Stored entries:
====

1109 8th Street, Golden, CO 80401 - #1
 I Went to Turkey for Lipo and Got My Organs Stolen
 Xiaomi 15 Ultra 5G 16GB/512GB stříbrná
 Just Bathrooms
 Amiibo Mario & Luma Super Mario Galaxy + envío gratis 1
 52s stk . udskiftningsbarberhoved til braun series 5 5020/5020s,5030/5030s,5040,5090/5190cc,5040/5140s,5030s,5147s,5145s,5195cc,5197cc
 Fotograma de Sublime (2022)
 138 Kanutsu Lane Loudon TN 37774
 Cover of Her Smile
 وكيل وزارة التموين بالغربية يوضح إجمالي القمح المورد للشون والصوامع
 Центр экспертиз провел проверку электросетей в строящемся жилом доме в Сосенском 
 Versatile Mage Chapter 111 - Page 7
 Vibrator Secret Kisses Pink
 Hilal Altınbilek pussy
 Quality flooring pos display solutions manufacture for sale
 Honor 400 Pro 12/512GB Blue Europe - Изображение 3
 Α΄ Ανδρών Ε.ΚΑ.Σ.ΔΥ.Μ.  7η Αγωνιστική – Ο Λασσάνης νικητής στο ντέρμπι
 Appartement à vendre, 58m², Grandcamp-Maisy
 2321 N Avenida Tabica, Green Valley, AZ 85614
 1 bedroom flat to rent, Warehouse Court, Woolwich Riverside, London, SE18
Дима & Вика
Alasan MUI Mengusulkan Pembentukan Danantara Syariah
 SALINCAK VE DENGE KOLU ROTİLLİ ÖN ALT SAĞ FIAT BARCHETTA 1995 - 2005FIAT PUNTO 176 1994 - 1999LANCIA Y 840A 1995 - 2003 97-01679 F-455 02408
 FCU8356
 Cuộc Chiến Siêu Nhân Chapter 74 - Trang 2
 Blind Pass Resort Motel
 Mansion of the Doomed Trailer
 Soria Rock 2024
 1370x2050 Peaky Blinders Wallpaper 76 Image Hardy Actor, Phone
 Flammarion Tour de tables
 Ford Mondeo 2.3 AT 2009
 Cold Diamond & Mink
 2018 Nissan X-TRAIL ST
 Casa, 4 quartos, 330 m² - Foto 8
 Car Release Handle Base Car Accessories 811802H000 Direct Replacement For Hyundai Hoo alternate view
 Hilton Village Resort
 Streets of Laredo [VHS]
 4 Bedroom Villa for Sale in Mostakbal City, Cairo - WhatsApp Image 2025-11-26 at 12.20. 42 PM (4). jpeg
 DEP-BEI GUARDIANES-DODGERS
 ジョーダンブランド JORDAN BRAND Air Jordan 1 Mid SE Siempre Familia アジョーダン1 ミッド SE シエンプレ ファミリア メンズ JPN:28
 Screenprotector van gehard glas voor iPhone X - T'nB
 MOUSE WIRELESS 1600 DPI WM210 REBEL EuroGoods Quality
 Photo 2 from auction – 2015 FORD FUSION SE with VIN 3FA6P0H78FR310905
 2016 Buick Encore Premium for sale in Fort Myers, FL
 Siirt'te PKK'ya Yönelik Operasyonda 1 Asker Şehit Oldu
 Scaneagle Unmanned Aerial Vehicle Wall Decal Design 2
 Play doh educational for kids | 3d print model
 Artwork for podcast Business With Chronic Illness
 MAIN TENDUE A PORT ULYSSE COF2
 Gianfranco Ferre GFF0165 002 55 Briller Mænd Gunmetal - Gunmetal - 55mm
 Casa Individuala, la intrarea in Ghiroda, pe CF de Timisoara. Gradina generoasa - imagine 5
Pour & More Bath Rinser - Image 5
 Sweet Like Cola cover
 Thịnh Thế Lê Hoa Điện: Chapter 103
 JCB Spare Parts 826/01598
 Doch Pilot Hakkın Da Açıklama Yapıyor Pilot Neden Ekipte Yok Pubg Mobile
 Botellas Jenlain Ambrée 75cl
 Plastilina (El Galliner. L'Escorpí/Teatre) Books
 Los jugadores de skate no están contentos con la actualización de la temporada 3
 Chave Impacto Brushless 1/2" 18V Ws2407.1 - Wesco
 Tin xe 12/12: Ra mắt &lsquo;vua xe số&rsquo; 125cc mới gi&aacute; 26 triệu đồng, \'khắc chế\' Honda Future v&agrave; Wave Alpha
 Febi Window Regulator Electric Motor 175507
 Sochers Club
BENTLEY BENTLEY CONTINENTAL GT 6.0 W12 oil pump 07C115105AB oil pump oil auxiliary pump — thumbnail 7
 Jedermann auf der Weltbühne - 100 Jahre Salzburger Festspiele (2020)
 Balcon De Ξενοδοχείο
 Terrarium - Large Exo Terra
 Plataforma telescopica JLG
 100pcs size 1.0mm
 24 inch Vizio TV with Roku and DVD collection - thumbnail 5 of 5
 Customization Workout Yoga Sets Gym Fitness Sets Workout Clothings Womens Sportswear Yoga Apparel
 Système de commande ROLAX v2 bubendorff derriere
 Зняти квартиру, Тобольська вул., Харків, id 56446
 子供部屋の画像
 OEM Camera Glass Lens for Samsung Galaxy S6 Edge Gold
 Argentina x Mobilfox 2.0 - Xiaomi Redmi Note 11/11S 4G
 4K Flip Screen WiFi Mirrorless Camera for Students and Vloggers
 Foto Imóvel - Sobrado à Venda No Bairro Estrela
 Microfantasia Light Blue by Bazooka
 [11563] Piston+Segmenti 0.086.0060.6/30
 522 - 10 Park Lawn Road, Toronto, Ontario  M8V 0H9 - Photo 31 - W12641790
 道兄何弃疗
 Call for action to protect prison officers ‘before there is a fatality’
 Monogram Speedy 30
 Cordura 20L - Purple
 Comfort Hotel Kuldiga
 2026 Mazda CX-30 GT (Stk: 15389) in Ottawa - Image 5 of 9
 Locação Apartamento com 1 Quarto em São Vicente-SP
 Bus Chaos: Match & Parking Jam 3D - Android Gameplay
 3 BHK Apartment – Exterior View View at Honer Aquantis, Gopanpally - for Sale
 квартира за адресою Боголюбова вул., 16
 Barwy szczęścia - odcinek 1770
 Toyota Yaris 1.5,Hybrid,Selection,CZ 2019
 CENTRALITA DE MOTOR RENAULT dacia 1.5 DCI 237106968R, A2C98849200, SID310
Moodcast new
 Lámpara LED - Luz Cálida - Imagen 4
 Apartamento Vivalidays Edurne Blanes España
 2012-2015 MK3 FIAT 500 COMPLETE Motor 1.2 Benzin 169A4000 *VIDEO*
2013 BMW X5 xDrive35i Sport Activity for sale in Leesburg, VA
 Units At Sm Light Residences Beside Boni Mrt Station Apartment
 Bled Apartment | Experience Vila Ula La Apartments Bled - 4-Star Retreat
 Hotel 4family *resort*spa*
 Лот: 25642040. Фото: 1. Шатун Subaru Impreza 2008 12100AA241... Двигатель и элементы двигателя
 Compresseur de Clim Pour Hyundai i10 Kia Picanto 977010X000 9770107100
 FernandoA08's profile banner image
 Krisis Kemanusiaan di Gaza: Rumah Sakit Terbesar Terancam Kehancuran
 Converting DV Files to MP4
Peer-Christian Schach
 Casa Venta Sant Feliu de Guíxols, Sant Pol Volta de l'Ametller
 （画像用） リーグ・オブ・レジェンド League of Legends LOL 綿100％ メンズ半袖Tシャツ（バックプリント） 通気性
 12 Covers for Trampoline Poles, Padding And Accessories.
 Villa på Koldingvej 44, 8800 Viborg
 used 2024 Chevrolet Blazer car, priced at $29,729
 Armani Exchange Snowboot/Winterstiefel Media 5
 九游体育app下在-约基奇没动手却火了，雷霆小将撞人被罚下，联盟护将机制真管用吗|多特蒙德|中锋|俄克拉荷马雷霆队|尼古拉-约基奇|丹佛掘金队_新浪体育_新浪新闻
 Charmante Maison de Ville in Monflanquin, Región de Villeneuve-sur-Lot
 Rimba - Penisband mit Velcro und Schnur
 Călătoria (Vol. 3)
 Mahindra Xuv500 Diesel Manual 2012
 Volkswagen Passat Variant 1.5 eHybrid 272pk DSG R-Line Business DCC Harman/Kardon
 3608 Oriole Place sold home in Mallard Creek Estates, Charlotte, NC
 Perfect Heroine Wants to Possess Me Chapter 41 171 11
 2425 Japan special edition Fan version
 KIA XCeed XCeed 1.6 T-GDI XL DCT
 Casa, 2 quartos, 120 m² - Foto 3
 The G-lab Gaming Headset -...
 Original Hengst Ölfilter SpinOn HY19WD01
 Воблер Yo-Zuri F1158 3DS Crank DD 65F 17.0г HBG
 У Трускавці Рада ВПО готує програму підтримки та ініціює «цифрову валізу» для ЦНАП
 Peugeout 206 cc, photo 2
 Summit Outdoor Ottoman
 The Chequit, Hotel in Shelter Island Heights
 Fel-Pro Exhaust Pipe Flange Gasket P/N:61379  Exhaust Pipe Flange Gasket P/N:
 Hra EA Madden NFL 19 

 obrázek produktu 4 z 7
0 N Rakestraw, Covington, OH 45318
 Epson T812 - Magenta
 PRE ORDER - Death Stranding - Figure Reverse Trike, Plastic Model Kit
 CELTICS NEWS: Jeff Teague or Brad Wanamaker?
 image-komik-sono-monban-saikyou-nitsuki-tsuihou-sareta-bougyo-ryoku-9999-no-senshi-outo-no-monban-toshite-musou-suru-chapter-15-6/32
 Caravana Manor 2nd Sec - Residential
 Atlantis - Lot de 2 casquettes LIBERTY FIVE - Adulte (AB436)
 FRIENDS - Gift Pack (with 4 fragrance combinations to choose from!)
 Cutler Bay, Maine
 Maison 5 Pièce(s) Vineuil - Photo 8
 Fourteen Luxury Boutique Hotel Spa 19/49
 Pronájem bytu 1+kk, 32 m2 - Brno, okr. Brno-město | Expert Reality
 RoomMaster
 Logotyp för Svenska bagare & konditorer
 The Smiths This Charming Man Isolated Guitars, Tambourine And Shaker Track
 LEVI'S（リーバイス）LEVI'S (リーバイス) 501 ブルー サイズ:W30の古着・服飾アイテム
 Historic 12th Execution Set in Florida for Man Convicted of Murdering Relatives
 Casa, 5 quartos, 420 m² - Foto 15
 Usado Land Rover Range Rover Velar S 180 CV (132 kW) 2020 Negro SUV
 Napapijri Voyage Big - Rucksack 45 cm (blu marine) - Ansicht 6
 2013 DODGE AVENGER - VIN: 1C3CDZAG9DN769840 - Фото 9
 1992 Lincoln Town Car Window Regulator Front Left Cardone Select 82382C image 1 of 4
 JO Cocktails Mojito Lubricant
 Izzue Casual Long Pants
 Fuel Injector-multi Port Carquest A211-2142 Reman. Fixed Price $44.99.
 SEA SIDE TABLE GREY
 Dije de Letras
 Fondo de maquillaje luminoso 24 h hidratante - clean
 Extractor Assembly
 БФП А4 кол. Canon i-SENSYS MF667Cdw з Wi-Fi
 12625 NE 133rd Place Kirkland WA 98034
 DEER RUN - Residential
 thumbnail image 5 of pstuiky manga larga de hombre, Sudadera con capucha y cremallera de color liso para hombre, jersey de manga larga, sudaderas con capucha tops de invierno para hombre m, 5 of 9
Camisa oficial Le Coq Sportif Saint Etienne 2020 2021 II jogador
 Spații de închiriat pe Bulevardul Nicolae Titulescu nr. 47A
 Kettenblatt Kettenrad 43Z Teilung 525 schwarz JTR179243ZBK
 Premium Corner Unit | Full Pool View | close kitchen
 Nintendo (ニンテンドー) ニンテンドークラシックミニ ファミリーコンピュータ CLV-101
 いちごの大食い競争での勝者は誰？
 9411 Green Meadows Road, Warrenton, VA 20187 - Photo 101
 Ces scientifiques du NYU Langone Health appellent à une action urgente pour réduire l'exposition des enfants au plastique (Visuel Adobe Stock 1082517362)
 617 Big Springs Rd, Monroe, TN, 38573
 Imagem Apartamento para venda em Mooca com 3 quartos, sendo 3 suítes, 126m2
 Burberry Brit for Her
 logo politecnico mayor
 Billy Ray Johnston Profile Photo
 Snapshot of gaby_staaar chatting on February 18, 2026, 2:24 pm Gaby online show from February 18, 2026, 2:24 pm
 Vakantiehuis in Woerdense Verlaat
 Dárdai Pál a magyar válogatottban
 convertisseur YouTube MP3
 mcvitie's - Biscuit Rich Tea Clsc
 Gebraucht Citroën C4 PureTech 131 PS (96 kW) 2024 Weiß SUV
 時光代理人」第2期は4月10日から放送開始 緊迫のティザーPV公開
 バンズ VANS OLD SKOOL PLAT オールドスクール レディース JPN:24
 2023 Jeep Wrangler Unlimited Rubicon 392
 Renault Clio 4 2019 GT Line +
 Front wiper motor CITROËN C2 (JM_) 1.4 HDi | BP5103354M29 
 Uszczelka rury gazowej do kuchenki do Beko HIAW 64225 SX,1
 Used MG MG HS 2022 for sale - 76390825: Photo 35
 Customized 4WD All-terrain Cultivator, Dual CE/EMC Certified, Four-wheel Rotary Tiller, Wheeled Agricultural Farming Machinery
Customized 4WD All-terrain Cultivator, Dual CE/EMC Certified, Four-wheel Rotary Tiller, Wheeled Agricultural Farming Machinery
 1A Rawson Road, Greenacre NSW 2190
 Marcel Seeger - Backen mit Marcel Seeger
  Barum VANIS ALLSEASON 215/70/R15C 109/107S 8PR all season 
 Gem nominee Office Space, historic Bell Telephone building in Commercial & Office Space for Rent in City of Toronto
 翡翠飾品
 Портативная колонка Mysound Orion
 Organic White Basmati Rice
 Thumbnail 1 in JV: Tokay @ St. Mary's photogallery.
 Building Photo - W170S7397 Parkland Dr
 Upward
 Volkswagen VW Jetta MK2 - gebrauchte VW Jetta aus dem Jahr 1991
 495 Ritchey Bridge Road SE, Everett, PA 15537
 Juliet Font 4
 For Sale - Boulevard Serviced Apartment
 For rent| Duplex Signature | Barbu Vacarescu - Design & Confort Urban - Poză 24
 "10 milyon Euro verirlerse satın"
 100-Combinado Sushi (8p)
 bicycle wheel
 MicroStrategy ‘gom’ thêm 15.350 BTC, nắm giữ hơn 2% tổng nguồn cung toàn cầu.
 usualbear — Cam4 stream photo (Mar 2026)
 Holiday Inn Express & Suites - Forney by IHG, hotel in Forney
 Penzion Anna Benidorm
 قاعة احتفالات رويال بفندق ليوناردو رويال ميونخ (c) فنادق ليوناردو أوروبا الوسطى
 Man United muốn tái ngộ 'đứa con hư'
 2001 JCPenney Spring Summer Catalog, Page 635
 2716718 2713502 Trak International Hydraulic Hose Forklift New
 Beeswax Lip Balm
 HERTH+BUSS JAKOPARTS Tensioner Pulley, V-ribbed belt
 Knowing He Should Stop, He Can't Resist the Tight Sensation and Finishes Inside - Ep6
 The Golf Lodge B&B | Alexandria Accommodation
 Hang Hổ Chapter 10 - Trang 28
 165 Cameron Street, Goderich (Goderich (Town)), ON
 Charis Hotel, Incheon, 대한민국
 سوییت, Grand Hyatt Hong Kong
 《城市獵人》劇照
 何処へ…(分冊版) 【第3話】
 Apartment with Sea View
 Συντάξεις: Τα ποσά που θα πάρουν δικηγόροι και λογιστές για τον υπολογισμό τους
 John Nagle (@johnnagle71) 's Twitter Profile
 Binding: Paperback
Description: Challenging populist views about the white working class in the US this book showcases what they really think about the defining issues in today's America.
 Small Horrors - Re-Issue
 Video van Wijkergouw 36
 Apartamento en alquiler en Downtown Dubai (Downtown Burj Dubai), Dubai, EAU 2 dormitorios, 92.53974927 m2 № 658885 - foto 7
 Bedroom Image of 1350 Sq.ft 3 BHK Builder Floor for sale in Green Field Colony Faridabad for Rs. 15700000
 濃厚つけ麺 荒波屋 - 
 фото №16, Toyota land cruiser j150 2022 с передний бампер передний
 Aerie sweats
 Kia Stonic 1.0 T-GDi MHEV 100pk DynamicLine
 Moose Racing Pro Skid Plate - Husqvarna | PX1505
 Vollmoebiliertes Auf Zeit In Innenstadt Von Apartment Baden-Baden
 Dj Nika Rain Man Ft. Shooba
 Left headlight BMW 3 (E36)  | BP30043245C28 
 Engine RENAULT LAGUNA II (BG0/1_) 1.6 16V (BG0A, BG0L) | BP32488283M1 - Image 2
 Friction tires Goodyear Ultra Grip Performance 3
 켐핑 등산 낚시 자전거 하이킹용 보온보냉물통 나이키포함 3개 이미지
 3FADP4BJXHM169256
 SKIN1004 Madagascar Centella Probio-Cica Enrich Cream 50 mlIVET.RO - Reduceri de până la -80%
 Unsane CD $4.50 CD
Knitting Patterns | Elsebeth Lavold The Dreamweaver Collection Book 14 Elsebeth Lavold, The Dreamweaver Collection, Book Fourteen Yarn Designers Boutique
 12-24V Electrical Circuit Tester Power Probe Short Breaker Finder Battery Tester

====

» **WHAT THE EXERCISE ASKS**
What you return should be the lines from the start of the data through the line with "Appartement à vendre, 58m², Grandcamp-Maisy", quoted exactly and nothing more.

» **RESPONSE**
1109 8th Street, Golden, CO 80401 - #1
 I Went to Turkey for Lipo and Got My Organs Stolen
 Xiaomi 15 Ultra 5G 16GB/512GB stříbrná
 Just Bathrooms
 Amiibo Mario & Luma Super Mario Galaxy + envío gratis 1
 52s stk . udskiftningsbarberhoved til braun series 5 5020/5020s,5030/5030s,5040,5090/5190cc,5040/5140s,5030s,5147s,5145s,5195cc,5197cc
 Fotograma de Sublime (2022)
 138 Kanutsu Lane Loudon TN 37774
 Cover of Her Smile
 وكيل وزارة التموين بالغربية يوضح إجمالي القمح المورد للشون والصوامع
 Центр экспертиз провел проверку электросетей в строящемся жилом доме в Сосенском 
 Versatile Mage Chapter 111 - Page 7
 Vibrator Secret Kisses Pink
 Hilal Altınbilek pussy
 Quality flooring pos display solutions manufacture for sale
 Honor 400 Pro 12/512GB Blue Europe - Изображение 3
 Α΄ Ανδρών Ε.ΚΑ.Σ.ΔΥ.Μ.  7η Αγωνιστική – Ο Λασσάνης νικητής στο ντέρμπι
 Appartement à vendre, 58m², Grandcamp-Maisy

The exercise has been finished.